The satellite design provides an economical and stable sun-synchronous (morning equator-crossing) platform for advanced operational instruments to measure the earth's atmosphere, its surface and cloud cover, and the near-space environment. The Satellite Operations Control Center is located in Suitland, Maryland.

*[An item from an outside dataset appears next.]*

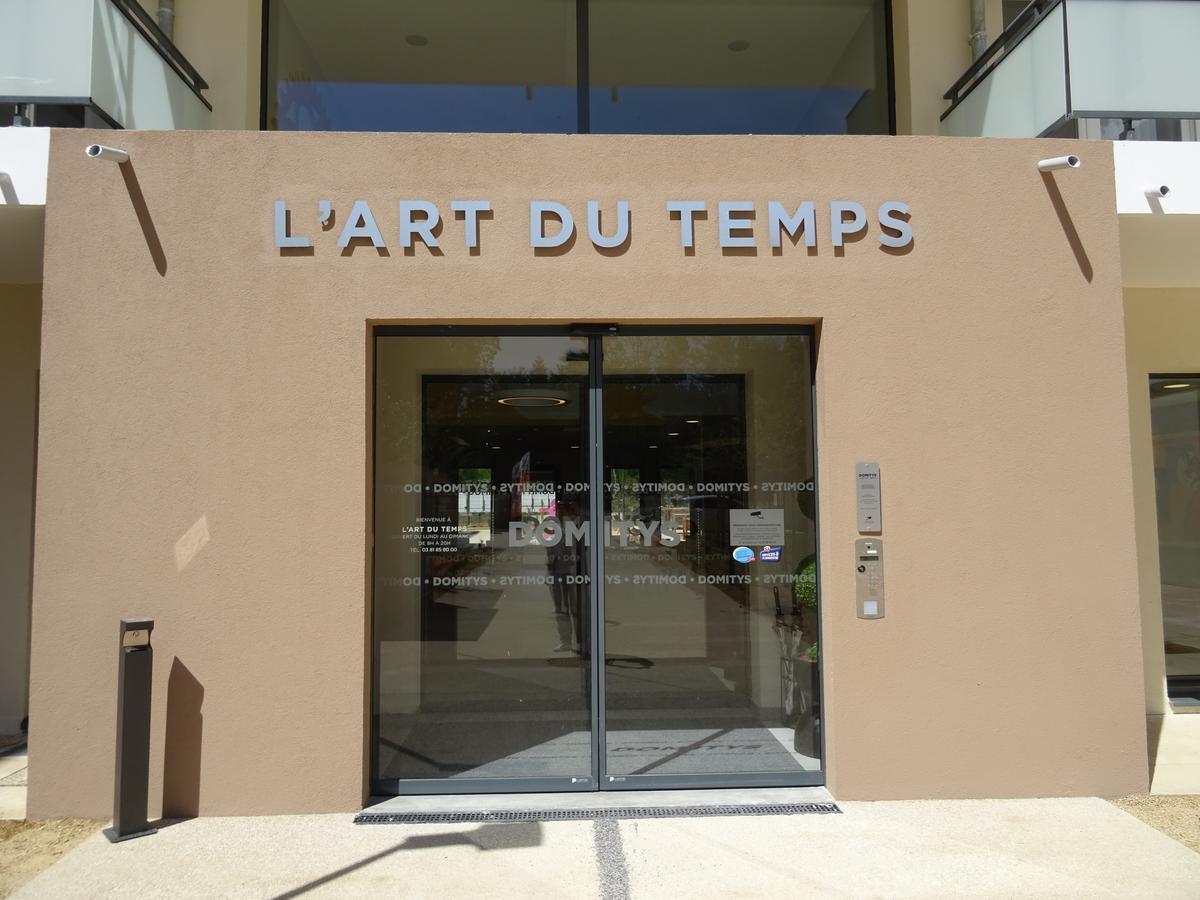 Domitys L'Art Du Temps Aparthotel Besancon Exterior photo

Major command stations for satellite control are located near Fairbanks, Alaska and on Wallops Island, Virginia; a backup station for connection when the satellite is unavailable from the main stations is located at Point Barrow, Alaska.

The last contact occurred on August 10, 2007.


  • ARGOS Data Collection System
  • Advanced Very High Resolution Radiometer: Cassegrain telescope with a 203 mm aperture diameter for imaging the Earth and cloud surface in the visible and infrared portion of the spectrum (5 channels, wavelength 0.5 μm to 12.5 μm, spatial resolution 0.62 mi to 2.5 mi);
  • High-resolution Infra Red Sounder
  • Microwave Sounding Unit
  • Stratospheric Sounding Unit
  • SEM/Medium energy proton Detector: Instrument for detection of corpuscular radiation from solar eruptions (electrons 30 keV-300 keV, protons 30-2500 keV, α particles above 6 MeV);
  • SEM/Total Energy Detector: Instrument for determination of the total energy of bringing into the atmosphere electrons, protons and positive ions (range of electrons and protons 0.05 keV to 20 keV).